# MLM Training With Trainer

In this notebook we'll cover the training process for masked-language modeling (MLM) using the HuggingFace `Trainer` function.

In [1]:
from transformers import BertTokenizer, BertForMaskedLM
import torch

tokenizer = BertTokenizer.from_pretrained('bert-base-uncased')
model = BertForMaskedLM.from_pretrained('bert-base-uncased')

Some weights of the model checkpoint at bert-base-uncased were not used when initializing BertForMaskedLM: ['cls.seq_relationship.weight', 'bert.pooler.dense.bias', 'cls.seq_relationship.bias', 'bert.pooler.dense.weight']
- This IS expected if you are initializing BertForMaskedLM from the checkpoint of a model trained on another task or with another architecture (e.g. initializing a BertForSequenceClassification model from a BertForPreTraining model).
- This IS NOT expected if you are initializing BertForMaskedLM from the checkpoint of a model that you expect to be exactly identical (initializing a BertForSequenceClassification model from a BertForSequenceClassification model).

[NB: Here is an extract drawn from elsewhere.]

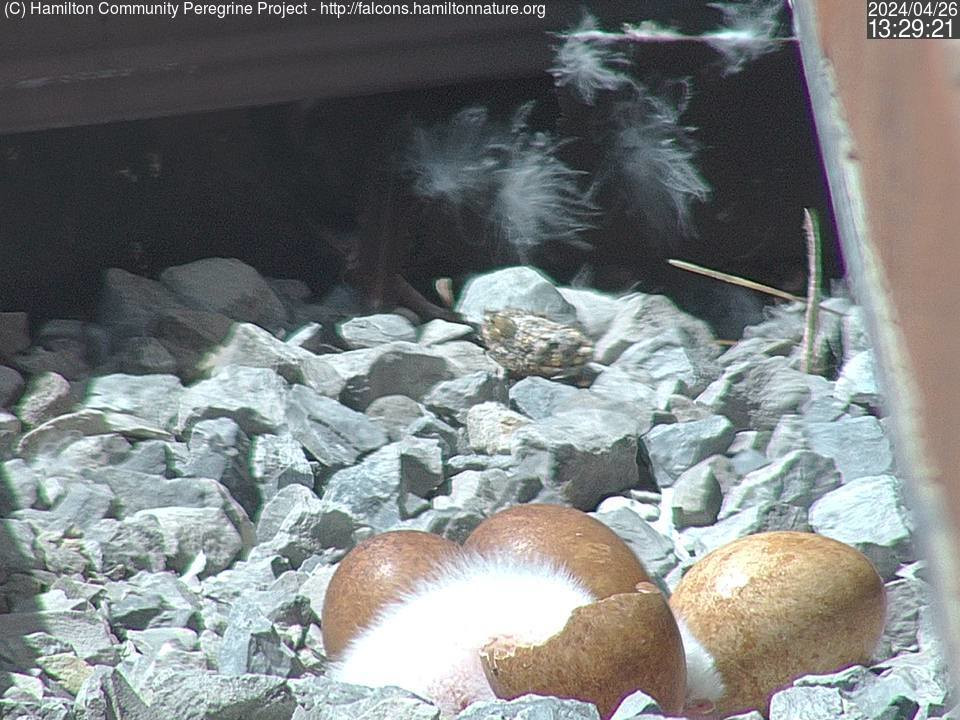 Photo of four peregrine falcon eggs atop the Sheraton Hotel in downtown Hamilton on April 26, 2024. The first of several expected offspring from McKeever and Judson hatched this week according to Hamilton Community Peregrine Project (HCPP).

We'll be using *Meditations* by *Marcus Aurelius* as our training data. The file below has already been cleaned and so no further processing is required (beyond the `split`).

In [2]:
with open('clean.txt', 'r') as fp:
    text = fp.read().split('\n')

In [3]:
text[:5]

['From my grandfather Verus I learned good morals and the government of my temper.',
 'From the reputation and remembrance of my father, modesty and a manly character.',
 'From my mother, piety and beneficence, and abstinence, not only from evil deeds, but even from evil thoughts; and further, simplicity in my way of living, far removed from the habits of the rich.',
 'From my great-grandfather, not to have frequented public schools, and to have had good teachers at home, and to know that on such things a man should spend liberally.',
 "From my governor, to be neither of the green nor of the blue party at the games in the Circus, nor a partizan either of the Parmularius or the Scutarius at the gladiators' fights; from him too I learned endurance of labour, and to want little, and to work with my own hands, and not to meddle with other people's affairs, and not to be ready to listen to slander."]

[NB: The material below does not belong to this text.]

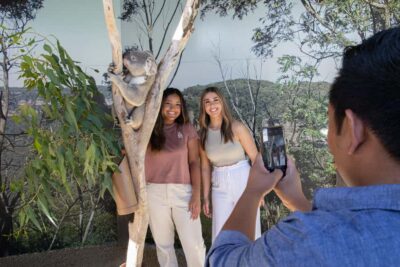 Blue Mountains Tour w/Lunch: Scenic World, Zoo & Koala Photo - Pickup From Multiple Sydney CBD Hotels and an 11-Hour “Do It All” Plan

First, we'll tokenize our text.

In [4]:
inputs = tokenizer(text, return_tensors='pt', max_length=512, truncation=True, padding='max_length')

Then we create our *labels* tensor by cloning the *input_ids* tensor.

In [5]:
inputs['labels'] = inputs.input_ids.detach().clone()

Now we mask tokens in the *input_ids* tensor, using the 15% probability we used before - and the **not** a *CLS*, *SEP*, or *PAD* token condition.

In [6]:
# create random array of floats with equal dimensions to input_ids tensor
rand = torch.rand(inputs.input_ids.shape)
# create mask array
mask_arr = (rand < 0.15) * (inputs.input_ids != 101) * \
           (inputs.input_ids != 102) * (inputs.input_ids != 0)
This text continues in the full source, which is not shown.